What I quickly found out was that backpackers were young people like me who wanted to see the world on a budget. They come from all backgrounds and they don't necessarily carry a backpack. Most are from loving and supporting families just like mine but a small few are the rambling outcasts trying to make a way for themselves. What we all have in common is wanderlust. What starts as one small trip quickly turns into another trip and another and another. We are all smart, capable young people who choose to go our own way rather than fall in line with our piers back home. Every backpacker I have met has been young, single, respectful and open-minded.

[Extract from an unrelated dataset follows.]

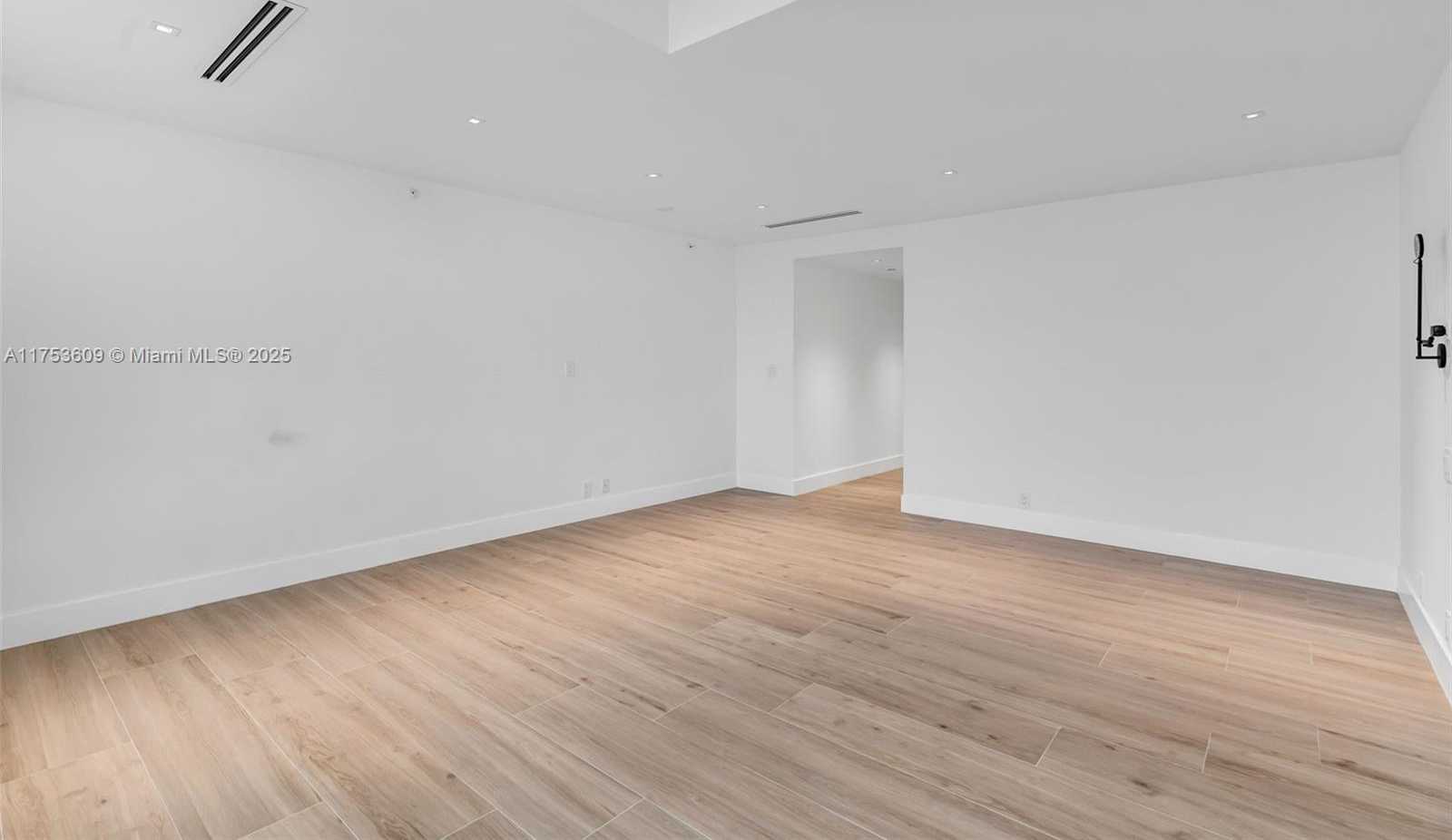 Small Image of 251 CRANDON BLVD #1036, Key Biscayne Number 12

Backpackers all have base skills such as cooking, cleaning, nannying and working with nature. The highly qualified have experience with something like construction, farming or office work.

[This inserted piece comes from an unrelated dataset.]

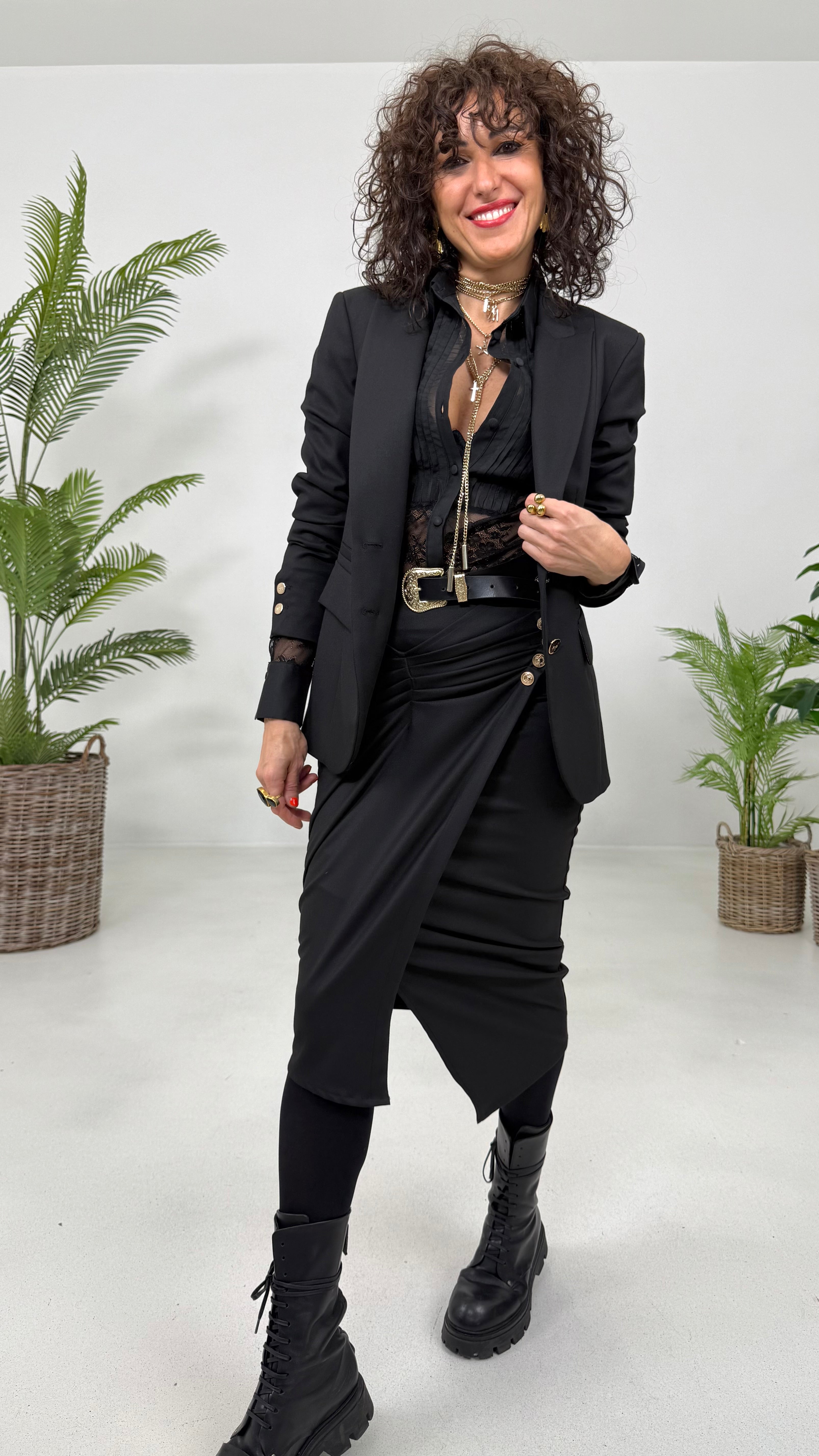 CAMICIA IN PIZZO CON PETTORINA IN MUSSOLA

The life of a backpacker is an interesting one. They are always on the move yet they never have any plans. Jobs for backpackers are filled just as soon as their available and you can be fired just as quickly as you were hired. The whole mindset is that you take what you can when you have the opportunity and you are grateful for every opportunity. The small things like food and shelter become your only concern. Forget about the high society you came from: nails, brand-name clothes, hairstyles and cars. On the road you make due with what you have. It reminds me of a lesson I heard from a Native American once. The Indians believe that you should always be grateful for whatever the earth gives you. In a similar fashion, as a backpacker you have to constantly remind yourself to be grateful for every night you have a roof over your head and food in your belly because in the blink of an eye you can be without.
In his book, Bypass, Michael McGirr explains the impact of backpackers on the Australian economy.

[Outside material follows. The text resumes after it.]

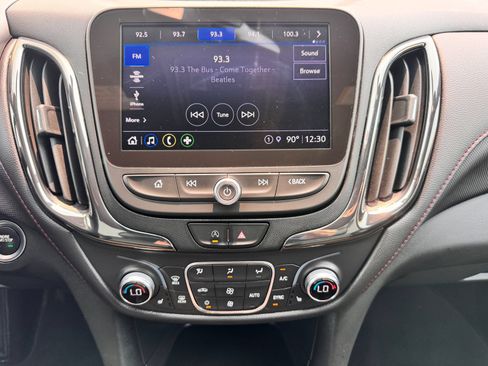 Used 2023 Chevrolet Equinox RS w/ RS Leather Package FWD image 19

“Backpackers are a significant part of the Australian economy. According to the surveys, they spend less per day in this country than those who stay in the best hotels, but they are here much longer and so end up spending more in total. There are almost half a million of them every year, worth $2.5 billion to the economy. They are also more likely to stay in places owned locally and they do all sorts of jobs which locals avoid, such as fruit picking, and then have the decency to spend the money before they leave these shores, making sure they are broke when they get home.”
Australia has marketed itself to backpackers and tourists. For a country with only a few major cities, all thousands of miles apart, the marketing has done quite well for them. They are full of visitors from all sorts of countries and the average Aussie is happy to converse with any backpacker they run into. So why don't we have more backpackers in the United States? Better yet, why aren't they coming to Oklahoma to help on our farms? Perhaps that's what the wheaties from New Zealand are doing; their own form of backpacking.
A new terminology I recently uncovered on the internet is “flashpacker.” Apparently flashpackers are backpackers with a bigger budget. I haven't heard anyone use this term directly in conversation so I'm not sure how much of a “term” it actually is. Some say flashpacking is for those who care more about their appearance than their experience.
I'm not sure if I am considered a backpacker since I have a large suitcase and a small dufflebag. I used to joke that my luggage made me an "American Backpacker" because in America we don't do anything small. If my luggage classifies me as a flashpacker my wallet takes the side of backpacker. No matter what you call it, the mindset of backpacking is simple: we are young people on the move.